- September 18, 2017
- Posted by Meaghan Ricks, Youth Crew Leader
I was the epitome of unprepared, mentally and physically, for the job of Youth Crew Leader for Montana Conservation Corps. I led a handful of university students on service trips while attending college and done a grand total of a day and a half of trail work on the Ozark Trail in SE Missouri. I had never slept in a tent for more than a night and had never backpacked over 5 miles.
There were times when the lack of experience seemed so insurmountable that I could not believe I had been hired; I felt like I was pretending to be a cool outdoorsy person.
“I don’t know if I can do this”, became a prevalent thought.
Moving to Montana within a week of being hired, being snowed on and freezing during backcountry training (the first time I truly backpacked). having to lead a backcountry Crew Leader hitch within two weeks of arriving, and being sent off with the YCC leaders for Technical Skill training/certification.
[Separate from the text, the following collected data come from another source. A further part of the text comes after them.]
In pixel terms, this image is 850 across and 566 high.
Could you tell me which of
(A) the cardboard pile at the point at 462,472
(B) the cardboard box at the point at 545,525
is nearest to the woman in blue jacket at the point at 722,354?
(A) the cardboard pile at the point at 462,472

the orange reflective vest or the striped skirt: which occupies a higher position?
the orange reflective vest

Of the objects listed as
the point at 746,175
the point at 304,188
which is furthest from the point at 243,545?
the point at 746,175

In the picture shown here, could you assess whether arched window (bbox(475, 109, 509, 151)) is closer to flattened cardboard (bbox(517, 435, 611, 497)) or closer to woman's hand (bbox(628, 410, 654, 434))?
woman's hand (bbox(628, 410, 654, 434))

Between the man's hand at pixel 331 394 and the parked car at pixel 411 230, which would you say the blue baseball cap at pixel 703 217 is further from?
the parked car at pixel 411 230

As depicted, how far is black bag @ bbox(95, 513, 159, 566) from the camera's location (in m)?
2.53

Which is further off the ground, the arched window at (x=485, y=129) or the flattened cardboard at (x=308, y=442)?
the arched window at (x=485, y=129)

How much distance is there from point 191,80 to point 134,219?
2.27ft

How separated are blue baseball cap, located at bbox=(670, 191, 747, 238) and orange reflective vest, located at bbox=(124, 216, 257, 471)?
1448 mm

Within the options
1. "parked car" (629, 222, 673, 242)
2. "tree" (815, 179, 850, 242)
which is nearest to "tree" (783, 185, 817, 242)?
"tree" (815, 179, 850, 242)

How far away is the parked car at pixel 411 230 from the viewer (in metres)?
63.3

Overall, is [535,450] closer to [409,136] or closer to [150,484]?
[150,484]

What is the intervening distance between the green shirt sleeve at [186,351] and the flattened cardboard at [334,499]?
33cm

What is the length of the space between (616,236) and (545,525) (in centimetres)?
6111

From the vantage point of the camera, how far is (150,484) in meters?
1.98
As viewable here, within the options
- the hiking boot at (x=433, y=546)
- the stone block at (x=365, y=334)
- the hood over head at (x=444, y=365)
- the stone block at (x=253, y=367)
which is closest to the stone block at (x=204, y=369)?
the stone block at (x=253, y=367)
All that, within three weeks of moving to Montana.
It was terrifying.
I never wanted to quit but I often came back to the same thought: “I don’t know if I can do this”.
Everything felt so difficult and hard. There didn’t seem enough time to be properly prepared. I didn’t think I knew enough to facilitate a well-rounded experience for the youth. I didn’t have the background in camping or hiking or backpacking.
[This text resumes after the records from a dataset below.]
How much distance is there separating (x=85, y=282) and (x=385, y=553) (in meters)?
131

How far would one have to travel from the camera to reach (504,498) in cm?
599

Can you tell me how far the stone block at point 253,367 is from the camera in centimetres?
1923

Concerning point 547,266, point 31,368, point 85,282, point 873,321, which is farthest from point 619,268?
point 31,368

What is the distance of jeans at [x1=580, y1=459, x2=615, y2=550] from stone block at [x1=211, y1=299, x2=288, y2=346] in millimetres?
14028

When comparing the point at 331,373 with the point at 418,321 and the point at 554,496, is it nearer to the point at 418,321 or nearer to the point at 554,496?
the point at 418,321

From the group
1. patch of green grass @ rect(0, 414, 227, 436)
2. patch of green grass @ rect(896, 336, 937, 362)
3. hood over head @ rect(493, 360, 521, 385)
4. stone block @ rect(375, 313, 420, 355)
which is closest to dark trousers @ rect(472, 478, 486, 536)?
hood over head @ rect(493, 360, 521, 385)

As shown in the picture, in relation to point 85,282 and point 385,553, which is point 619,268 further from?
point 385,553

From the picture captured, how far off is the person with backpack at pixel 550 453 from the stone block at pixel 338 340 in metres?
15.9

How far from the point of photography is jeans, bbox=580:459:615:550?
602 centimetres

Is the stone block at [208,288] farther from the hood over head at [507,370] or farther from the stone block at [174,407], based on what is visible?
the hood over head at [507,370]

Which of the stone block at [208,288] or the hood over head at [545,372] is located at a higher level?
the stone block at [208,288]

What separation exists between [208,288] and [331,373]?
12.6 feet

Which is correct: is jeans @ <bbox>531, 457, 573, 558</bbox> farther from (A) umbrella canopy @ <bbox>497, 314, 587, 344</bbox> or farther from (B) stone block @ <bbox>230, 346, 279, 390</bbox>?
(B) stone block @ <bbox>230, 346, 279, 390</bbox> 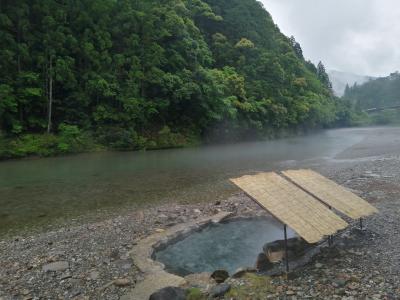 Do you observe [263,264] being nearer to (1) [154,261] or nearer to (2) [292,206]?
(2) [292,206]

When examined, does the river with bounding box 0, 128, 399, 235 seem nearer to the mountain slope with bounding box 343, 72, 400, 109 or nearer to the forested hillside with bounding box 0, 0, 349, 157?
the forested hillside with bounding box 0, 0, 349, 157

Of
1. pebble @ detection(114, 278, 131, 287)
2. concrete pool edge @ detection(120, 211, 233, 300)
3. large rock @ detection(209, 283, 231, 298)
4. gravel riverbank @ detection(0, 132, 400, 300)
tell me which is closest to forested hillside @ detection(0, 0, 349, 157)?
gravel riverbank @ detection(0, 132, 400, 300)

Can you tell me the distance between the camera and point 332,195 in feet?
31.5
“I don’t know if I can do this”.
Had I made the right choice? Is the experience too much to handle?
I forged ahead trying to absorb as much as I could. One of the other leaders remarked on my lack of complaint and that it was crazy to think this was my first foray into backpacking and trail work. That comment made my season. While I was far from perfect and]made some stupid mistakes, I persisted.
I spent 11 consecutive nights in a tent, four different times, supervised 9 youth during the season, spent 5 weeks in Glacier National Park, went 11 days without showering or doing laundry, saw two full moons (one on the PNT, one in Glacier National Park), saw my first: bear, wildfire, mountain goat, and pika, spent endless time stressing about my crew and how I was impacting their experience, and was more exhausted than I have ever been in my life.
Three months ago I thought I made the craziest decision of my life moving from the Midwest to Montana. I was right. It was the craziest decision I had ever made.
And while I thought I couldn’t do it; the truth was, and is, that I can.